Work task: Exact reproduction is required for the lines below starting at the line with "Gartentischgruppe 5tlg. Set" and ending at the line with "Soft cotton baby muslins (Trio) – Kali model", both included. No other lines, and no pictures.

Extracted entries:
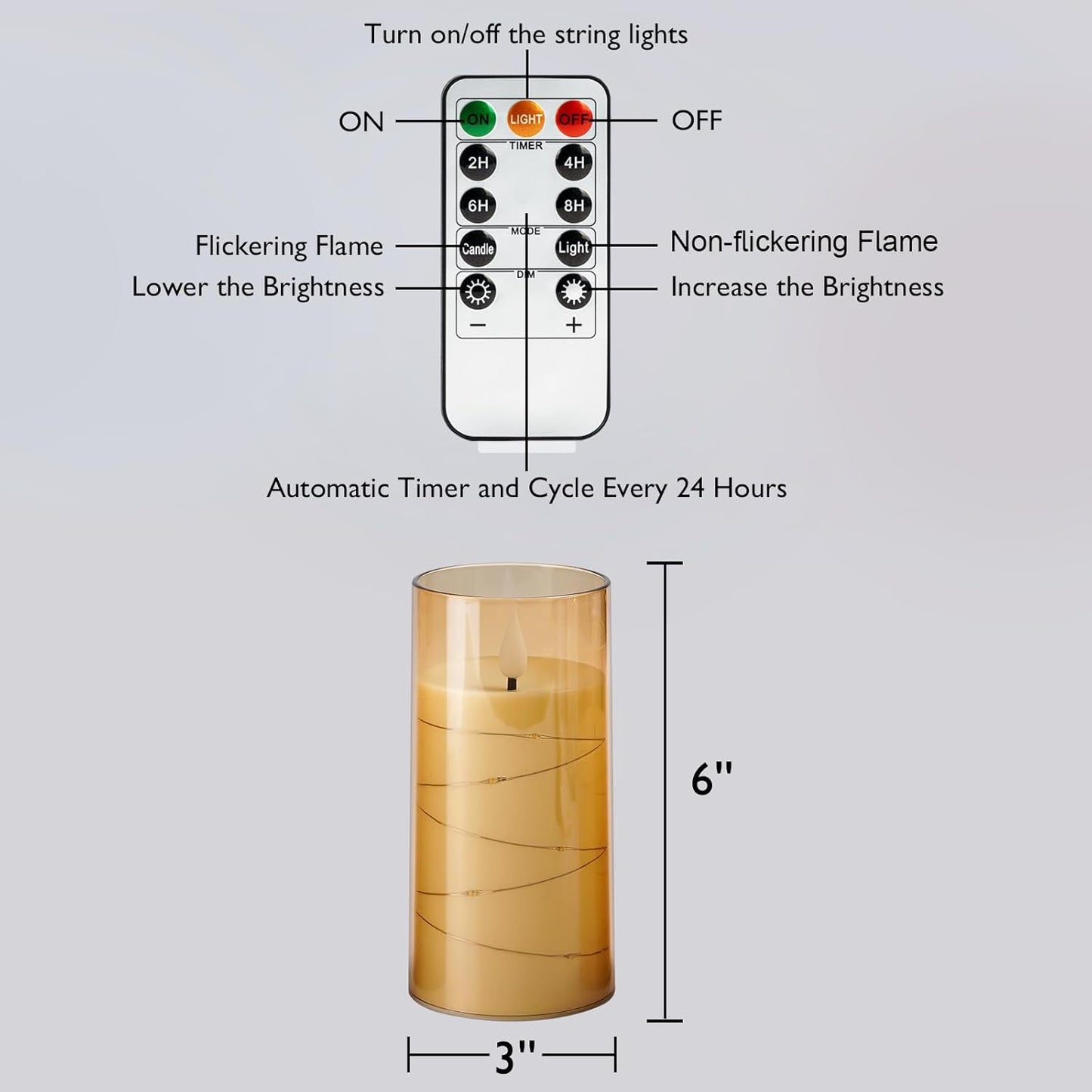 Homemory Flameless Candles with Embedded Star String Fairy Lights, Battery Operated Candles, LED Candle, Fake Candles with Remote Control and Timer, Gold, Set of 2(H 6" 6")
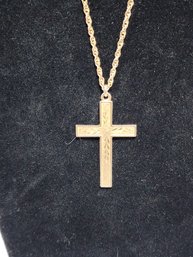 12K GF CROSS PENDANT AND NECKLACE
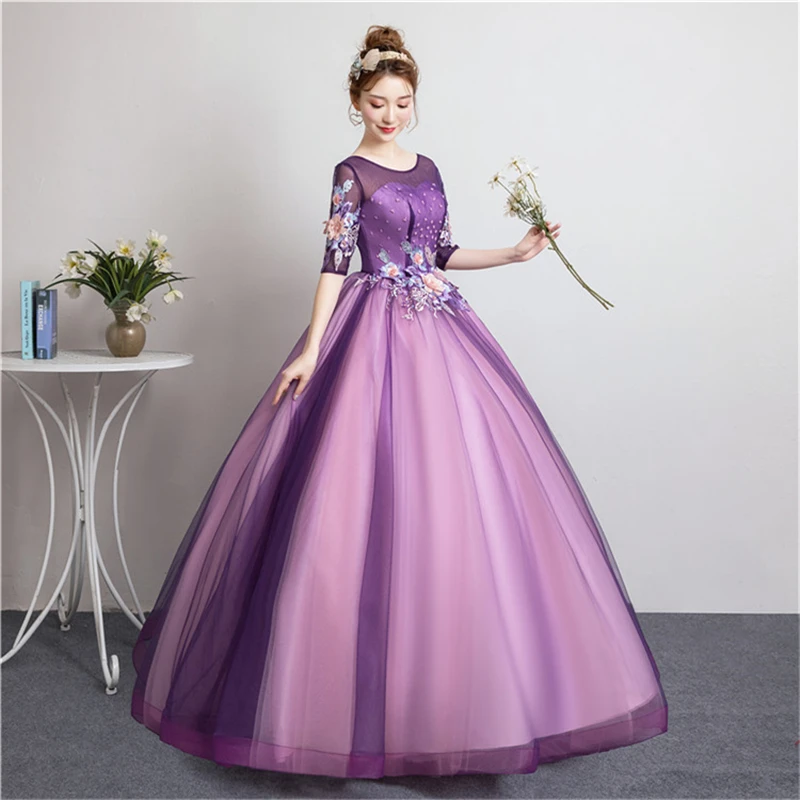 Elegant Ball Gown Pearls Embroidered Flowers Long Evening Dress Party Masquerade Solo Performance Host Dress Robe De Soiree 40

---

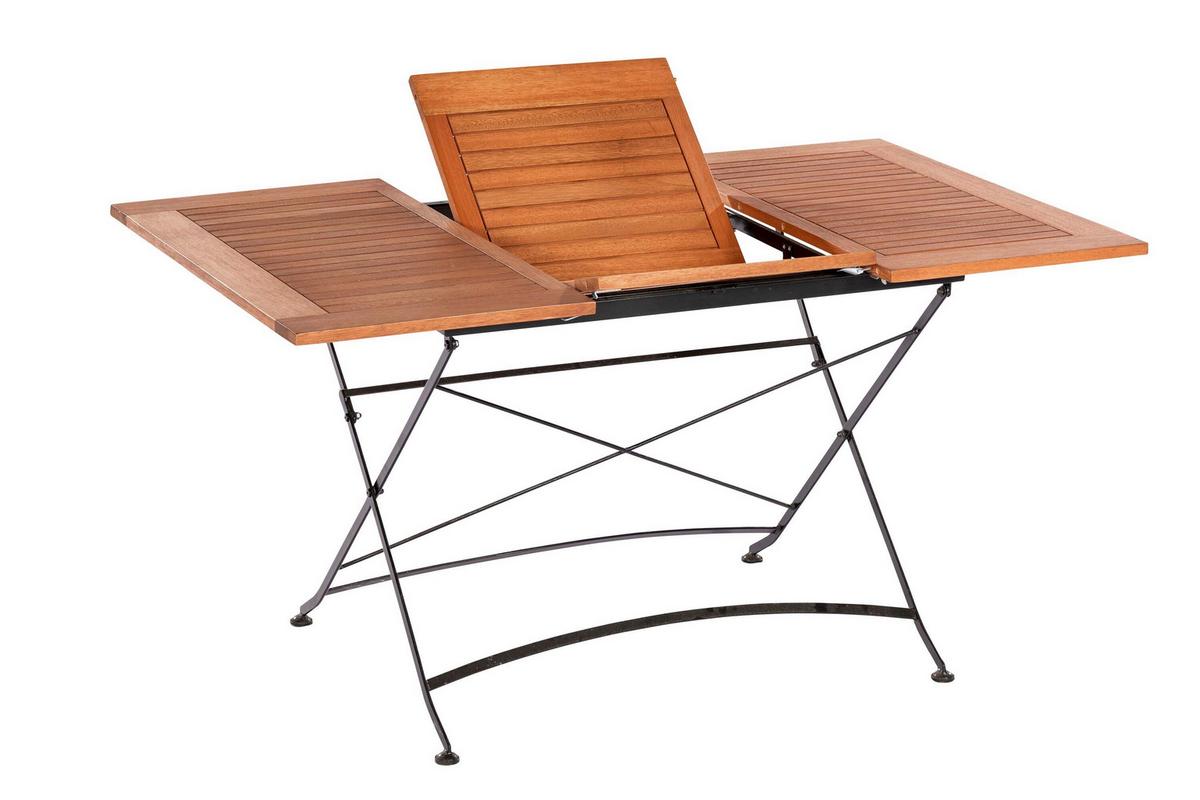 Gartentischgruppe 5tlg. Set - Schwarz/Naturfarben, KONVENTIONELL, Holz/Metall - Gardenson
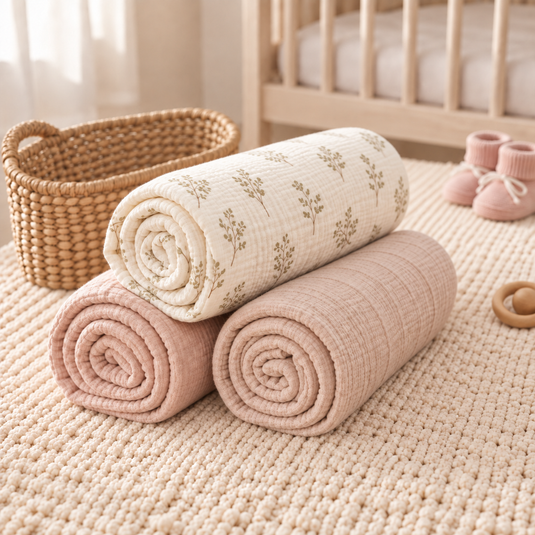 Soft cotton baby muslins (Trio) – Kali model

Response to the exercise:
 Gartentischgruppe 5tlg. Set - Schwarz/Naturfarben, KONVENTIONELL, Holz/Metall - Gardenson
 Soft cotton baby muslins (Trio) – Kali model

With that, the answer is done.